The Bank’s allegations are sufficient to demonstrate that [grandmother] owned all of the funds, intending that [granddaughter] have access to the funds only for [grandmother’s] benefit, such that the withdrawal of the funds at issue was an unauthorized act. [Granddaughter] argues that insufficient facts were alleged to support that she failed to return the funds after a demand was made for their return.
Breach of Fiduciary Duty
The bank claimed that granddaughter held a position of trust and confidence with grandmother that included a fiduciary duty not to withdraw or transfer the funds wrongfully. The bank alleged that the granddaughter breached these duties through her actions.
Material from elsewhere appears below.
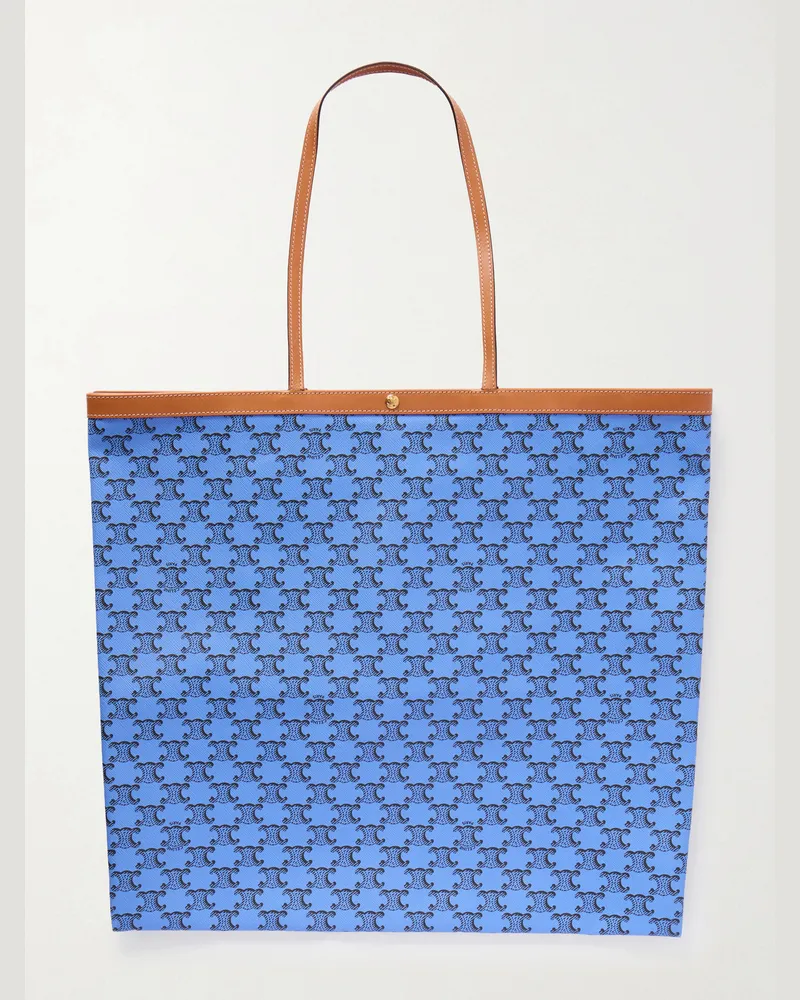 Celine Triomphe große Tote aus beschichtetem Canvas mit Logoprint und Lederbesatz Blau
Granddaughter made a creative argument in response – that the breach of fiduciary duty claim cannot be assigned because the services provided to grandmother were “personal services.” The Florida Supreme Court, in Wachovia v. Toomey, 994 So.2d 980 (Fla. 2008) held that a breach of fiduciary duty that is intensely personal cannot be assigned, while more commercial breach claims can be assigned. The appellate court easily concluded that
The contractual relationship between Ms. Pueschel and Ms. Turbeville—even if between grandmother and granddaughter—was first and foremost that of a bank employee with a fiduciary responsibility to ensure the safekeeping of Ms. Pueschel’s monies.
The reversal of the dismissal means that the granddaughter will now have to fully defend herself from the allegations raised against her. Ultimately, that could result in a jury trial of the issues raised.